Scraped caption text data

►

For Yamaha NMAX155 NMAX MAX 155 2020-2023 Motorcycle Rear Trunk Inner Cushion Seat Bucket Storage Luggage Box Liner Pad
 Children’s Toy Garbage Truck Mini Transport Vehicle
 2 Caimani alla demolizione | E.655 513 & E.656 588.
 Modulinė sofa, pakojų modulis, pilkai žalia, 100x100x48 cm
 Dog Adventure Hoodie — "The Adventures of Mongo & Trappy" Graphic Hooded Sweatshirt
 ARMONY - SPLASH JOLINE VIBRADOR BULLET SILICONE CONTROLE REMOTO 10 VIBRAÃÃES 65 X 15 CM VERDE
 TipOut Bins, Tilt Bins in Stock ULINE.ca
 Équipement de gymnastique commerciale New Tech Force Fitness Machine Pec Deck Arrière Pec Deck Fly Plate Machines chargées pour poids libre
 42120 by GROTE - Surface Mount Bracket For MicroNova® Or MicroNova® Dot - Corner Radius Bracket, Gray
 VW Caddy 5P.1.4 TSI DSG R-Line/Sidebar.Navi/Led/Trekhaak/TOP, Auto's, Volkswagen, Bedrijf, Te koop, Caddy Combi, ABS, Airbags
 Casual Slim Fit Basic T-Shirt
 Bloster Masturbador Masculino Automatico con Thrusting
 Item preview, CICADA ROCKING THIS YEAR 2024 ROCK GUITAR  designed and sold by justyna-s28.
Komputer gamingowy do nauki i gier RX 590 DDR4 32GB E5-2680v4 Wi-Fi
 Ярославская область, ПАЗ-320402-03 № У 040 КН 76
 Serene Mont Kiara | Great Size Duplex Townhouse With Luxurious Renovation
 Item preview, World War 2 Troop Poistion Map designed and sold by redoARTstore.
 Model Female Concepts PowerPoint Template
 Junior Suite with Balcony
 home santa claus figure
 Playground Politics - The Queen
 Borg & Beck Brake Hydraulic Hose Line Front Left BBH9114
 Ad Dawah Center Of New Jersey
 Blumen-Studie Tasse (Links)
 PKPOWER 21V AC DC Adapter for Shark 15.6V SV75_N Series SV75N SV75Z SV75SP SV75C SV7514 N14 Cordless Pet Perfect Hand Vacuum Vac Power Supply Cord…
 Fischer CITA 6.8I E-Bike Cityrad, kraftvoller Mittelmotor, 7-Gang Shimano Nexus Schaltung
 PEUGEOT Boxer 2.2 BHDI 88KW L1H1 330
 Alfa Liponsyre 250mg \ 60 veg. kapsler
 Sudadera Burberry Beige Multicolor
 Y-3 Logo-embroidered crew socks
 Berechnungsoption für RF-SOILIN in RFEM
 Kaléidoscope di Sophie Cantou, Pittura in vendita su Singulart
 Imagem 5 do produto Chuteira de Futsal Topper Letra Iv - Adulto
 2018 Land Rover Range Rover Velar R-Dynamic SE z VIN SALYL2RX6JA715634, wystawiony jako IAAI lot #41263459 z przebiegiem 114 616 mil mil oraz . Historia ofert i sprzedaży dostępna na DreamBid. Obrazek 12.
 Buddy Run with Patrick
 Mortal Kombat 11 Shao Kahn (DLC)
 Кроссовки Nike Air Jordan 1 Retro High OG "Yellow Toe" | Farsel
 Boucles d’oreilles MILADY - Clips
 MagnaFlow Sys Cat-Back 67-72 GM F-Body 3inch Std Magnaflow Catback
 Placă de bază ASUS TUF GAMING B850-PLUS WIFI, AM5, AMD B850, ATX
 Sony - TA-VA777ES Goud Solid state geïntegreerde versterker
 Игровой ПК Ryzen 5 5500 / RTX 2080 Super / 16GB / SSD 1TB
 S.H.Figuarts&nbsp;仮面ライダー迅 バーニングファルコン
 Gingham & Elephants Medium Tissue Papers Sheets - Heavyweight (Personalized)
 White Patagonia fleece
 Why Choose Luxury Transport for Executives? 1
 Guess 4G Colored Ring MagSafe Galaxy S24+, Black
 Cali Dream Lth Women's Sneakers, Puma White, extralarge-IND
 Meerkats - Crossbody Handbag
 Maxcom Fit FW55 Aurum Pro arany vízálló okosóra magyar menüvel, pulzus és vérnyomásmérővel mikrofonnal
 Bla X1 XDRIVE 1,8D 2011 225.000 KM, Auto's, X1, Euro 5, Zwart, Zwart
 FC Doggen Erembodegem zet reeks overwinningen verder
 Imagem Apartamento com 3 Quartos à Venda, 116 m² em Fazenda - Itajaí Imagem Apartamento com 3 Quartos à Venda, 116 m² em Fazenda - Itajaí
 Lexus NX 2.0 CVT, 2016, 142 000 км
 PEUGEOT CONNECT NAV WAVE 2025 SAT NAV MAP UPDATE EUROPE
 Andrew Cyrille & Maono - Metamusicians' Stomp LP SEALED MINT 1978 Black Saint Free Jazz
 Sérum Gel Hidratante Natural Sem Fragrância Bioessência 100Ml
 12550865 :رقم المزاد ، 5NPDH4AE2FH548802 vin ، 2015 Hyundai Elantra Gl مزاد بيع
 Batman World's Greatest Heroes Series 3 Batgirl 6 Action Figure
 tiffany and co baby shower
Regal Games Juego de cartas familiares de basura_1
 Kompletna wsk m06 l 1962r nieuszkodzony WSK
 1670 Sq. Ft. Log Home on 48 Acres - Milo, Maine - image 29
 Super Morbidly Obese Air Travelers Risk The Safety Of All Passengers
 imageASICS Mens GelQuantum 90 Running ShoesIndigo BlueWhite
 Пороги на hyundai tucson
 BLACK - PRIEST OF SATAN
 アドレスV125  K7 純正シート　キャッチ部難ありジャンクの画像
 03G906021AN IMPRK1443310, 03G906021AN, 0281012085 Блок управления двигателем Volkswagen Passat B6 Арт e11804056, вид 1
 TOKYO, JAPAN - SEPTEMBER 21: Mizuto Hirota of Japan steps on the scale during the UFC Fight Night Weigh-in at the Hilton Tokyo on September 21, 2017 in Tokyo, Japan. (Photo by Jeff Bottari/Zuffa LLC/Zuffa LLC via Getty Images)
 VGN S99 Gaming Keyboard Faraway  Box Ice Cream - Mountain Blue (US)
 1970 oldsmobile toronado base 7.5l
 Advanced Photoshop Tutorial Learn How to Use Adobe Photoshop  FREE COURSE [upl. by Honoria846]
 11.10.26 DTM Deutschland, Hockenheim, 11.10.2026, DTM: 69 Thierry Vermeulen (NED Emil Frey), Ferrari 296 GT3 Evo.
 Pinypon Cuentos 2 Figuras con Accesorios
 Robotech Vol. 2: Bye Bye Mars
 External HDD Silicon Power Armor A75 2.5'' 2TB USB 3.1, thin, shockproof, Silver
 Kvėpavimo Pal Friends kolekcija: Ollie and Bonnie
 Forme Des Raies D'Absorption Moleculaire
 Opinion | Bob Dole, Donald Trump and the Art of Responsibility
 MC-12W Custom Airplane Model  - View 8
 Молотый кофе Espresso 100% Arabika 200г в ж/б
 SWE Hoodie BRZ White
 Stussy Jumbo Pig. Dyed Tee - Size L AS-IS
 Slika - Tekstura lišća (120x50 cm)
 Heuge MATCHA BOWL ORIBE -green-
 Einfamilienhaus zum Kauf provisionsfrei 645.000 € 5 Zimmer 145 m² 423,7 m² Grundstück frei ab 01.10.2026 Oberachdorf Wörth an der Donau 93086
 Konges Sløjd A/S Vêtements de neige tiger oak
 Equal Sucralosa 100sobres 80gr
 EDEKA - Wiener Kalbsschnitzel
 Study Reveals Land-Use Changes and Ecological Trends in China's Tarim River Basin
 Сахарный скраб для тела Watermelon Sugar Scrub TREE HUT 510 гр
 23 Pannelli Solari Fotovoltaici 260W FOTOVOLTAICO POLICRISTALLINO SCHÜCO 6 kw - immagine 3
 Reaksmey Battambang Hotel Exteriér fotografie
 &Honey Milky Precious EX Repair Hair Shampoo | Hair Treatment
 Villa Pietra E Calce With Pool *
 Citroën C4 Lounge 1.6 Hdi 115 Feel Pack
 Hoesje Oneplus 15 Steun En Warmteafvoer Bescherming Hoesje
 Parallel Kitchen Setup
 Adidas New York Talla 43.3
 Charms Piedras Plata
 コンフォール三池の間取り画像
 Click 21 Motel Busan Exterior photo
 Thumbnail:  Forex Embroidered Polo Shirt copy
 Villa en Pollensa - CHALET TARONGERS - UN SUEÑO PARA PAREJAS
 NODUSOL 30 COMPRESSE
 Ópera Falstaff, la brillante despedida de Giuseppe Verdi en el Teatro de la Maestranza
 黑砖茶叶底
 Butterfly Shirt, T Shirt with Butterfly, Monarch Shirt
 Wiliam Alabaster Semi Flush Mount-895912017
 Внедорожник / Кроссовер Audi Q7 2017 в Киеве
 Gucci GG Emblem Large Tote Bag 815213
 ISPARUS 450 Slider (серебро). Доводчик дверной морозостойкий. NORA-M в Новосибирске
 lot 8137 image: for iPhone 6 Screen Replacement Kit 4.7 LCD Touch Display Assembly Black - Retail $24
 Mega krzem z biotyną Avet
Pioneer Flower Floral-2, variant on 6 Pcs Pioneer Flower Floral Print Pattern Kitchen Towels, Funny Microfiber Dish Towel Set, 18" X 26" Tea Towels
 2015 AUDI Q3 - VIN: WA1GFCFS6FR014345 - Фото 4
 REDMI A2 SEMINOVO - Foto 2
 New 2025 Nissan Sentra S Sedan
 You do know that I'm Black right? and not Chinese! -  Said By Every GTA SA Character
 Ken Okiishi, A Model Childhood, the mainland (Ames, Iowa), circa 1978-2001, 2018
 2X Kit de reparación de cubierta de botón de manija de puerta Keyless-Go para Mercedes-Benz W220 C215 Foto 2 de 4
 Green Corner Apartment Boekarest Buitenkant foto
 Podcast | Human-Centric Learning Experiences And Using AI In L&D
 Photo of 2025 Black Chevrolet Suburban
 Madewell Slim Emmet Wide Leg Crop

◄

● **ACTIVITY**
Exact duplication is required for the lines above, from the line that contains "TOKYO, JAPAN - SEPTEMBER" to the line that contains "EDEKA - Wiener Kalbsschnitzel", inclusive; omit all others.

● **COMPLETED TASK**
 TOKYO, JAPAN - SEPTEMBER 21: Mizuto Hirota of Japan steps on the scale during the UFC Fight Night Weigh-in at the Hilton Tokyo on September 21, 2017 in Tokyo, Japan. (Photo by Jeff Bottari/Zuffa LLC/Zuffa LLC via Getty Images)
 VGN S99 Gaming Keyboard Faraway  Box Ice Cream - Mountain Blue (US)
 1970 oldsmobile toronado base 7.5l
 Advanced Photoshop Tutorial Learn How to Use Adobe Photoshop  FREE COURSE [upl. by Honoria846]
 11.10.26 DTM Deutschland, Hockenheim, 11.10.2026, DTM: 69 Thierry Vermeulen (NED Emil Frey), Ferrari 296 GT3 Evo.
 Pinypon Cuentos 2 Figuras con Accesorios
 Robotech Vol. 2: Bye Bye Mars
 External HDD Silicon Power Armor A75 2.5'' 2TB USB 3.1, thin, shockproof, Silver
 Kvėpavimo Pal Friends kolekcija: Ollie and Bonnie
 Forme Des Raies D'Absorption Moleculaire
 Opinion | Bob Dole, Donald Trump and the Art of Responsibility
 MC-12W Custom Airplane Model  - View 8
 Молотый кофе Espresso 100% Arabika 200г в ж/б
 SWE Hoodie BRZ White
 Stussy Jumbo Pig. Dyed Tee - Size L AS-IS
 Slika - Tekstura lišća (120x50 cm)
 Heuge MATCHA BOWL ORIBE -green-
 Einfamilienhaus zum Kauf provisionsfrei 645.000 € 5 Zimmer 145 m² 423,7 m² Grundstück frei ab 01.10.2026 Oberachdorf Wörth an der Donau 93086
 Konges Sløjd A/S Vêtements de neige tiger oak
 Equal Sucralosa 100sobres 80gr
 EDEKA - Wiener Kalbsschnitzel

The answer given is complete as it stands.